Proposed K-best VLSI architecture
Based on our proposed K-best scheme, we present a new VLSI K-best architecture for 4 × 4 MIMO-OFDM systems modulated by 64-QAM. As shown in Fig. 2 , the architecture consists of a K = 8 metric computation unit (MCUs) and a K-best sorter. Each MCU expands a surviving path to its partial branches and updates the accumulated PEDs. Based on the MCUs' outputs, the distributed sorter sorts out new K-best surviving paths. In each stage, the surviving paths and their PEDs are stored in two groups of register lists. The key modules of the proposed architecture are described as follows.
Metric computation unit
In our proposed architecture, the K = 8 surviving paths are simultaneously processed by eight parallel MCUs, which are divided into K/2 = 4 groups (G1-G4). Each group includes two MCUs. Each path in G1-G4 is expanded to 6, 4, 3, and 2 branches, respectively, in order to reduce the complexity. The MCU's structure in G1 is shown in Fig. 3 , which expands a surviving path to six branches. In Fig. 3 , a group of multipliers M1 and an adder are used to compute u. Another six fixed multipliers M2 and six comparers are used to predetermine the ascending order of the candidates of s i . Another group of multipliers M3, which are followed by six subtracters and six square absolute value calculators, are used to compute the local distances of the expanded branches. Finally, six adders are used to update the accumulated PEDs. The MCUs export the expanded branches and their corresponding accumulated PEDs to the sorter.
Sorter
The proposed distributed sorter is illustrated in Fig. 4 , which can be divided into three stages. Each stage includes a group of register lists and some comparers. The sorter works in pipelines. Stage I sorts out 6, 4, 3, 2 candidates from G1 to G4 (12 to 6, 8 to 4, 6 to 3, 4 to 2). Based on the outputs of stage I, stage II sorts out eight (10 to 8) and three (5 to 3) shorter paths. Finally, stage III sorts out the new K = 8 surviving paths from all the eleven candidates yielded by stage II (11 to 8). For each comparison operation, the candidate with shorter accumulated PEDs is chosen as the output and replaced by its nearest sibling, while the longer one stays for the next comparison.

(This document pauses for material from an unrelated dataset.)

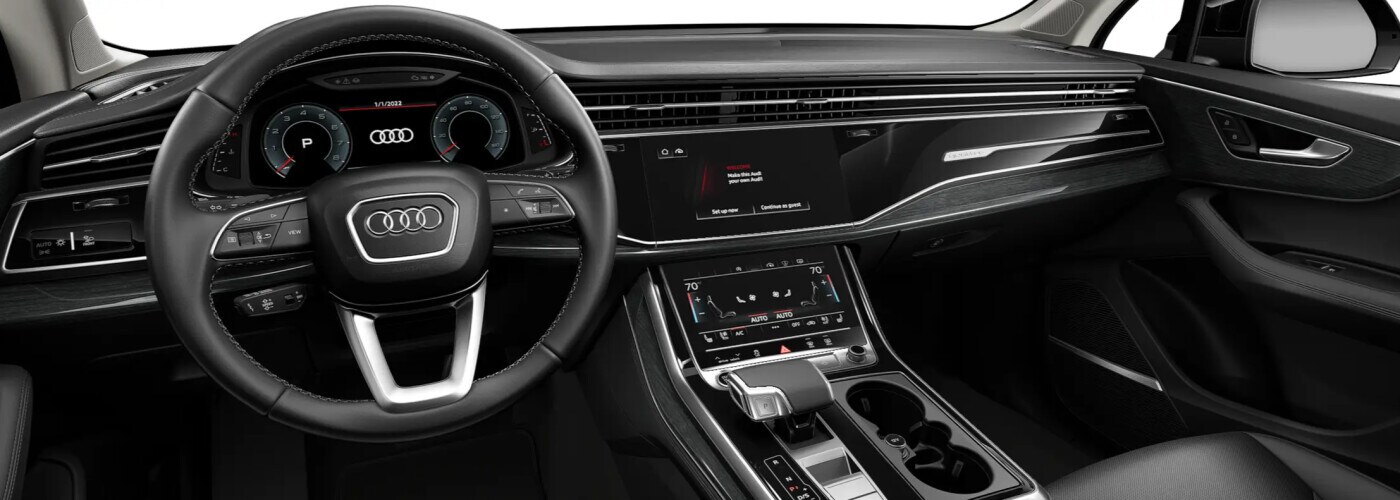Audi Q7 Interior .jpeg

Complexity analysis and simulation
In the K-best scheme, the addition, the multiplication, and the comparison play critical roles in the computational complexity. Table 2 shows the comparison of the fundamental operations between the conventional K-best scheme and the proposed architecture. According to Table 2 , the proposed architecture can approximately reduce the fundamental opera-075004-3 tions by 50% and 75% for the 16-QAM and the 64-QAM, respectively, consequently significantly saving hardware resources. So, the proposed architecture is especially suitable for high-throughput MIMO-OFDM systems. The performance of the proposed K-best VLSI architecture is simulated using a computer and the Rayleigh fading channel model. The simulation results for both 16-QAM (K= 4) and 64-QAM (K= 8) schemes are presented in Fig. 5 , from which we can see that the bit error rate (BER) performance of the proposed architecture is very close to that of the conventional K-best scheme.
Conclusions
In this paper, a novel K-best VLSI architecture for the high-throughput MIMO-OFDM detector is presented. The proposed MCU predetermines the ascending order of each surviving path's branches by their local distances and expands the surviving paths only to partial branches. Then the distributed sorter sorts out the new surviving paths in pipelines. Complexity analysis and simulation results prove that the proposed architecture can significantly reduce the computational complexity while maintaining the similar performance of the conventional K-best scheme, yielding an efficient solution to the VLSI implementation of high-throughput MIMO-OFDM systems.